Je pense que les autorités tunisiennes sont tout à fait conscientes qu'il est plutôt dans leur intérêt de collaborer au risque de voir des aides financières et des échanges économiques coupés. 60% des exportations agricoles tunisiennes sont à destination de l'Europe, 80% des touristes sont européens. La Tunisie vit aussi des transferts des travailleurs tunisiens en Europe vers leurs pays. Ces transferts correspondent à près de dix milliards.Tunis a tout intérêt à jouer le jeu.

Quand on sait que le tourisme tunisien a baissé de 80% depuis 2011, le pays est obligé de jouer le jeu avec l'Allemagne

RT France : Répondre à ces exigences allemandes pourrait-il être un nouvel handicap pour le tourisme tunisien déjà en peine ?

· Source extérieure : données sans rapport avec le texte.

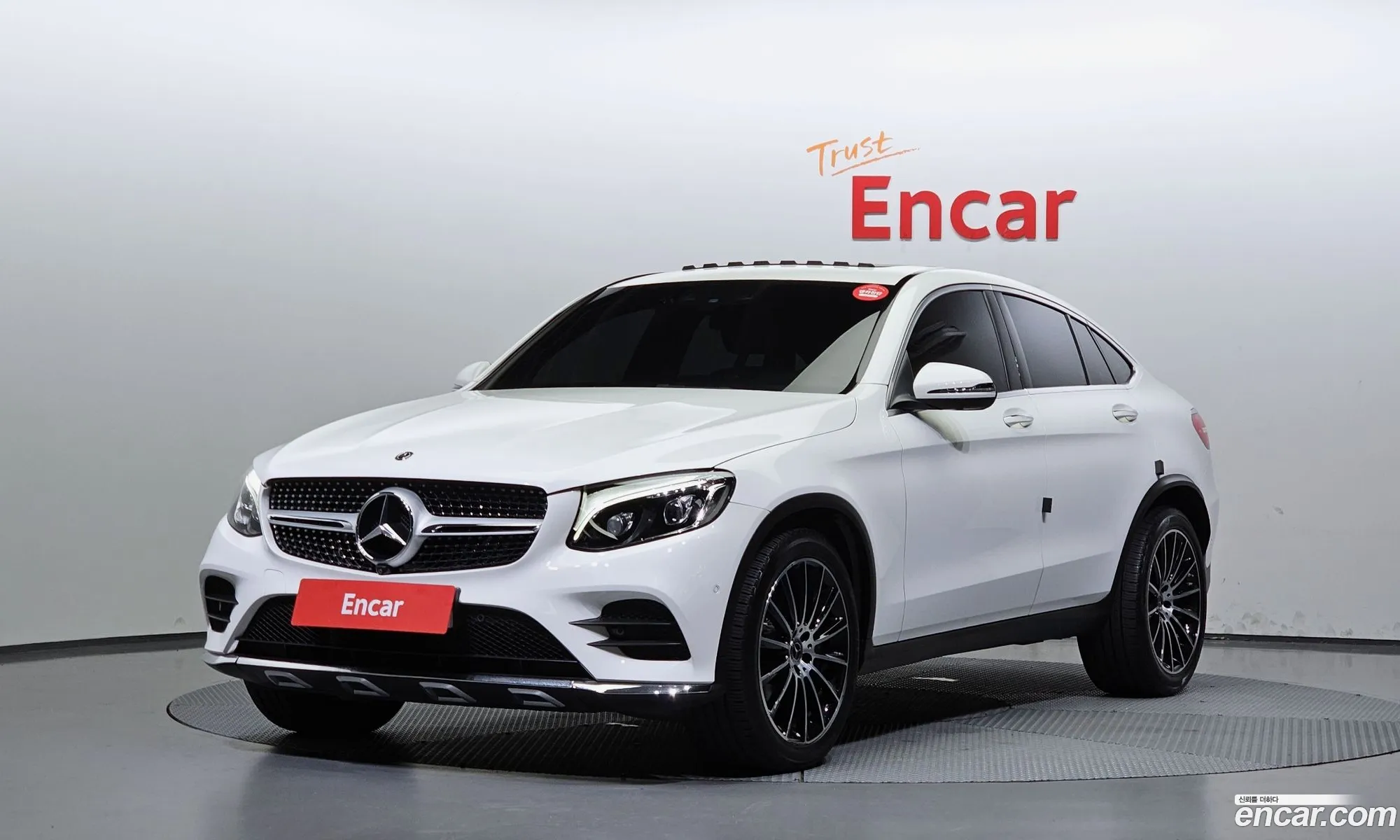 Mercedes-Benz Glc Glc300 4Matic Amg Line Coupe 2019 - фотография 1037776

C. S. : Je ne pense pas. C'est en réalité donnant-donnant. Le Maroc est un excellent exemple pour démontrer cela. Le Maroc coopère beaucoup avec les pays européens sur ses ressortissants étrangers terroristes. Les services du pays ont permis de donner des informations essentielles sur Abdelhamid Abaaoud, le cerveau de l'attentat du Bataclan. Les Marocains ont poussé de façon forte et musclée un cousin d'Abdelhamid Abaaoud vivant au Maroc de le contacter afin de pouvoir le localiser. Les services secrets marocains sont très actifs en Europe et coopèrent volontiers dans l'échange d'informations. On trouve également des camps de réfugiés au nord du Maroc, notamment près des enclaves espagnoles. Rabat a un accord avec l'UE pour ne pas laisser passer les migrants présents dans ces enclaves. En parallèle, le pays a avec l'UE des accords de libre-échange sur l'agriculture ou la pèche. En matière de tourisme, le pays reçoit bien plus de voyageurs que la Tunisie. 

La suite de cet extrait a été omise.